Now, a team at Rice University, USA, has devised a scheme that combines plasmonic nanoantennas, which excel at concentrating and enhancing light, with tiny catalytic reactors (PNAS, doi: 10.1073/pnas.1609769113). The result, they suggest, is a “modular” platform that could dramatically expand the horizons for low-temperature, light-driven catalysis across a range of industrial processes.
Catalysts involving metal nanoparticles are central to industrial chemistry, to speed up reaction times in the manufacture of plastics and other materials. But these catalysts tend to require large energy inputs to do their work; the U.S. Energy Information Agency, for example, has estimated that the production of plastic resin alone consumes almost a quadrillion Btu of energy a year.
One way to ratchet down that energy bill considerably would be if sunlight could be harvested and concentrated to drive catalysis. An excellent way to do so would be to harness surface plasmon resonance—the confinement of incident light into subwavelength oscillations of free electrons that happens at metal-dielectric interfaces. With the right geometry, certain metal nanoparticles, by squeezing light into sub-diffraction volumes, can dramatically concentrate incident optical energy (see “Plasmonic Nanoantennas,” OPN, June 2015).

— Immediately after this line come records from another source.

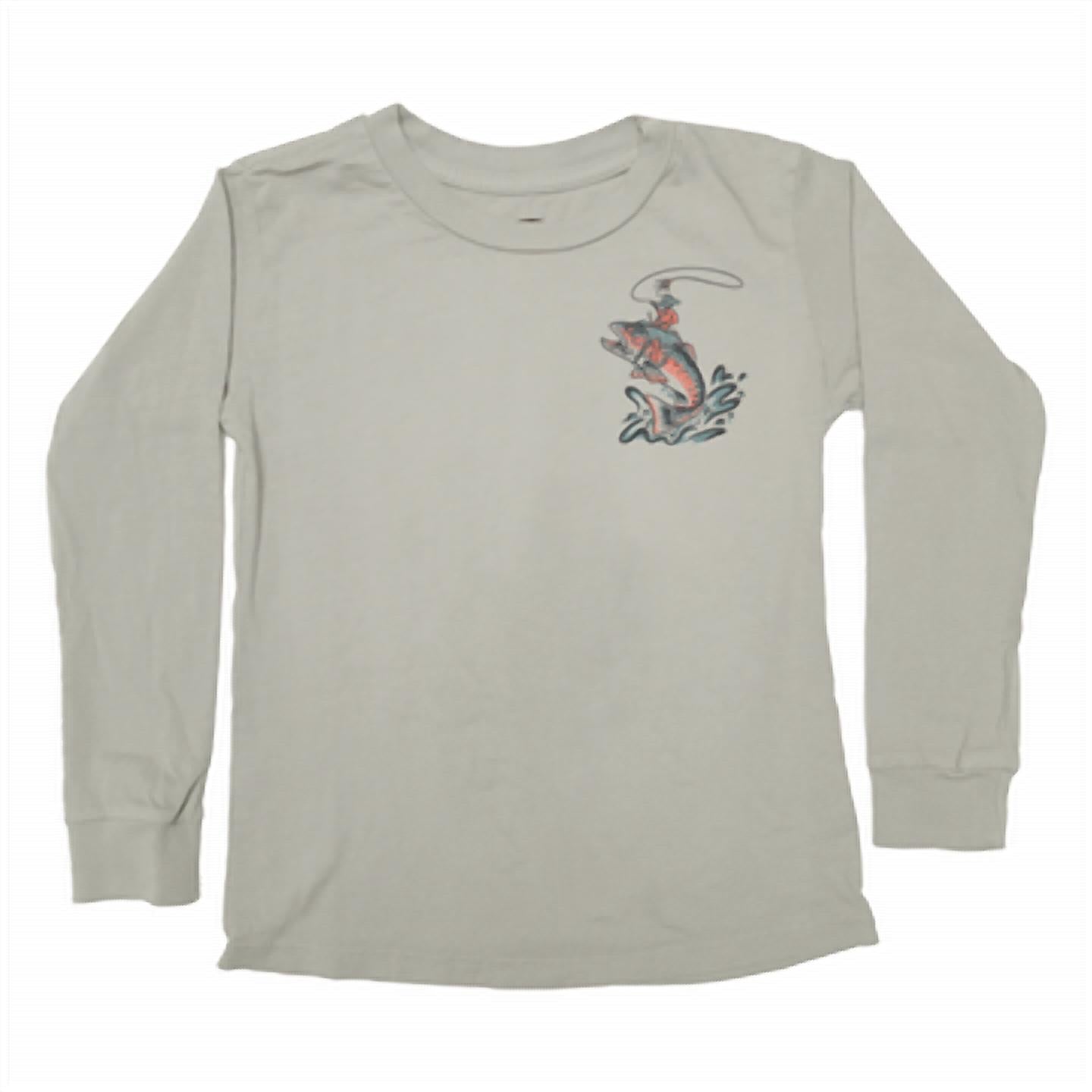 TINY WHALES Kids' Not My First Rodeo Long Sleeve Shirt in grey - kids' shirt
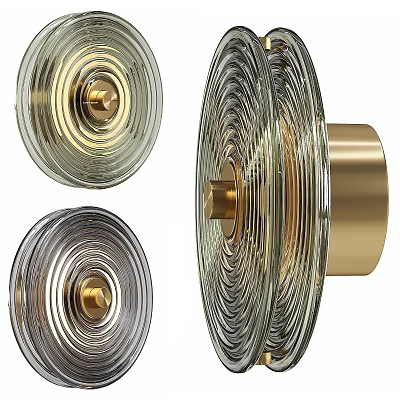 Elegant Decorative Glass Knobs With Gold Metal Accents And Spiral Design 3d model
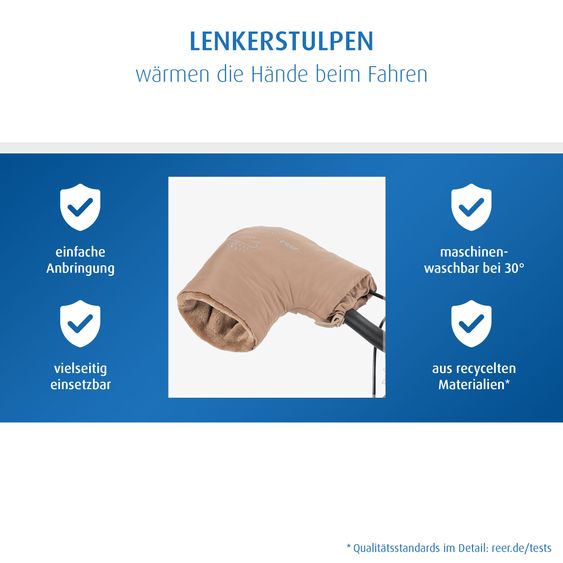 Reer 1- Paar Lenkerstulpen vielseitig einsetzbar für  Fahr-, Lauf-, Dreirad & Roller - Braun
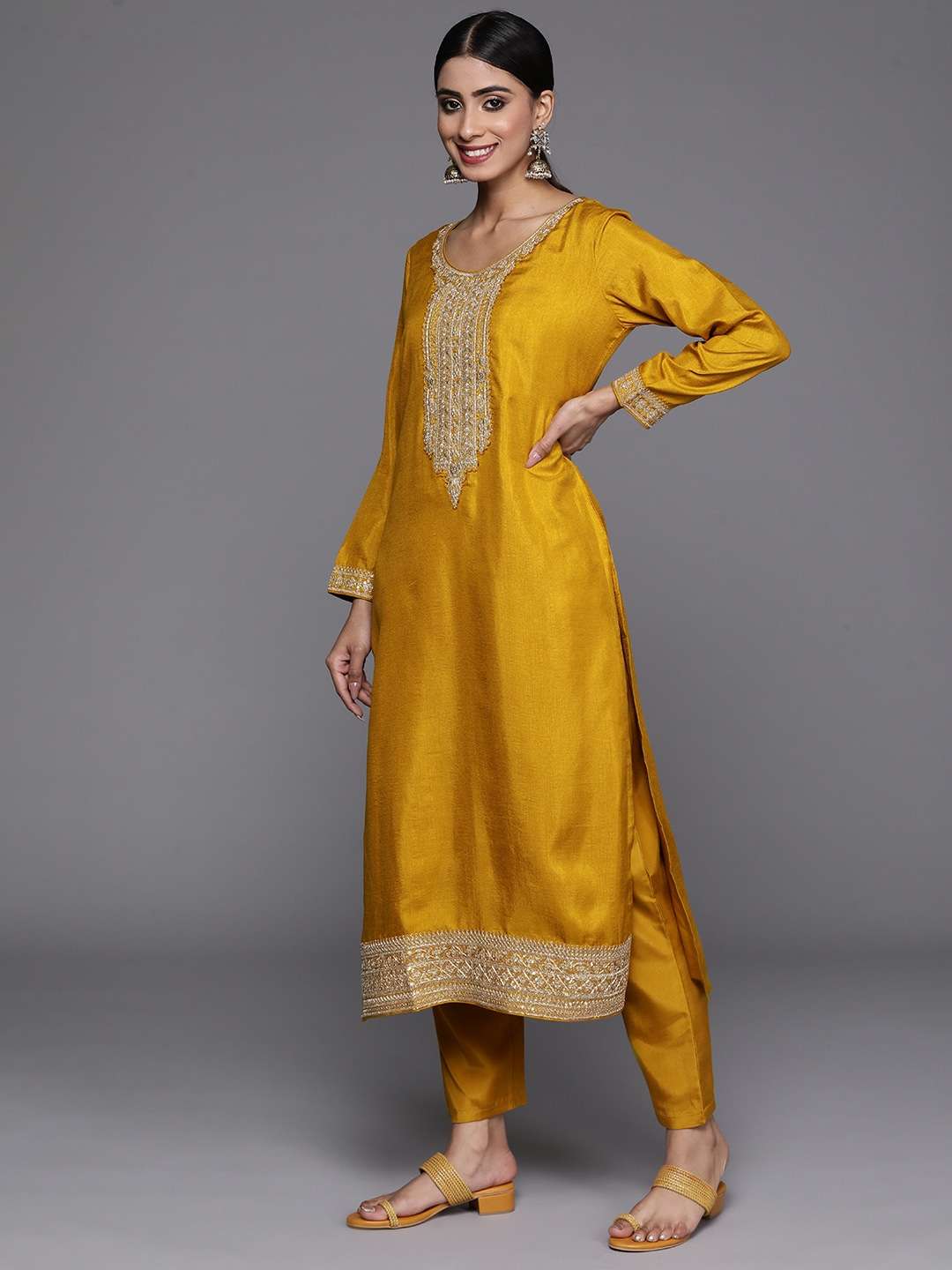 Shreya Yellow Silk Kurti Wholesale catalog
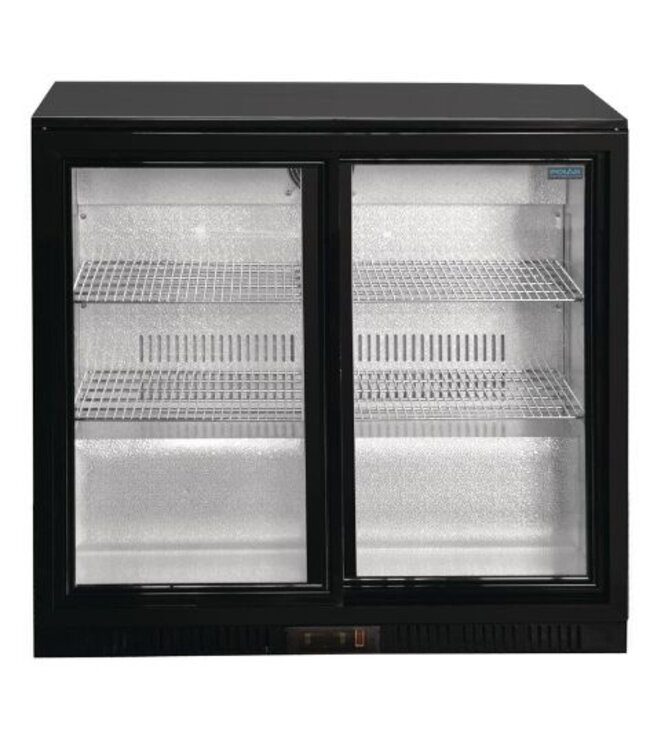 Bar dubbel display koeling | schuifdeur | zwart | 198L | (H)85x(B)90x(D)52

In the view of many nanotechnologists, plasmonic concentration could be just the ticket to harness and focus the sun’s energy to drive industrial catalysis. But there are two fundamental stumbling blocks. First, metals that are good at catalysis, such as palladium and platinum, tend to be rather poor optical absorbers. And, second, metals that excel at optical absorption and plasmonic enhancement, such as gold, silver and aluminum, are not good catalysts.

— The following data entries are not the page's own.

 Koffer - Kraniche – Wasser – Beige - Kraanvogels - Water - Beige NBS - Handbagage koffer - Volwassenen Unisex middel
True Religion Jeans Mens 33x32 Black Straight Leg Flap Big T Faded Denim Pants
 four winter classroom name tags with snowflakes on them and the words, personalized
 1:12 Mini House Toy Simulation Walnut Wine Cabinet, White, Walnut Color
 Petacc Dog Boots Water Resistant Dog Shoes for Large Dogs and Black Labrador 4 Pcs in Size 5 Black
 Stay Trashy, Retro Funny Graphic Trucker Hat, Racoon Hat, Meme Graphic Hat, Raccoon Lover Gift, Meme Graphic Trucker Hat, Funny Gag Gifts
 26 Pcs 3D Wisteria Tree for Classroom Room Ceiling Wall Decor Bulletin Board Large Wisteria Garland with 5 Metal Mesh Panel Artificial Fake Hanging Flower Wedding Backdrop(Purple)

To overcome this catch-22, the Rice scientists, led by OSA Fellow Naomi Halas, attempted to combine the best of both types of metals. They began with 100-nm-diameter crystals of aluminum, and, after slightly oxidizing the crystals, treated them with a palladium salt. The result was a collection of aluminum nanoparticles—excellent plasmonic antennas—that were decorated with “islands” of palladium, a highly efficient catalytic reactor when heated to high temperatures.

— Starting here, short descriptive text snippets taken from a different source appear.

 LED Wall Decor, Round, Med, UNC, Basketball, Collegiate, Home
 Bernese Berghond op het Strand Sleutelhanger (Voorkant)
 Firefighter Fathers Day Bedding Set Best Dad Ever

In principle, when light is shone on the hybrid antenna-reactor nanoparticles, the subwavelength plasmonic enhancement enabled by the aluminum should boost the local temperature (or, more precisely, the energy available in “hot carrier” electrons) significantly. That, in turn, should create a threshold of energy sufficient to let the palladium islands do their catalytic work.
The researchers tested the scheme in a common process that involves reacting acetylene with hydrogen to produce ethylene, a chemical feedstock for creating the world’s most common plastic, polyethylene. They found that the light-driven approach (using low-power laser sources rather than incident sunlight) was able to churn out ethylene at a 40-to-1 ratio relative to an unwanted by-product, ethane—significantly better selectivity for ethylene than in the thermal catalysis schemes now commonly in use.
One of the exciting aspects of the antenna-reactor design, in the view of the research team, is that the concept “is a highly modular one.” The study notes that, by changing the composition or size of the particles that constitute the plasmonic antennas or the composition of the metal reactor islands, the combination of photocatalytic wavelength and surface chemistry can be finely tuned, allowing the approach to plug into a range of specific reactions and pathways. The result, the study concludes “opens a new door for the development of precise, ultimately predictive control of catalytic chemistry using light.”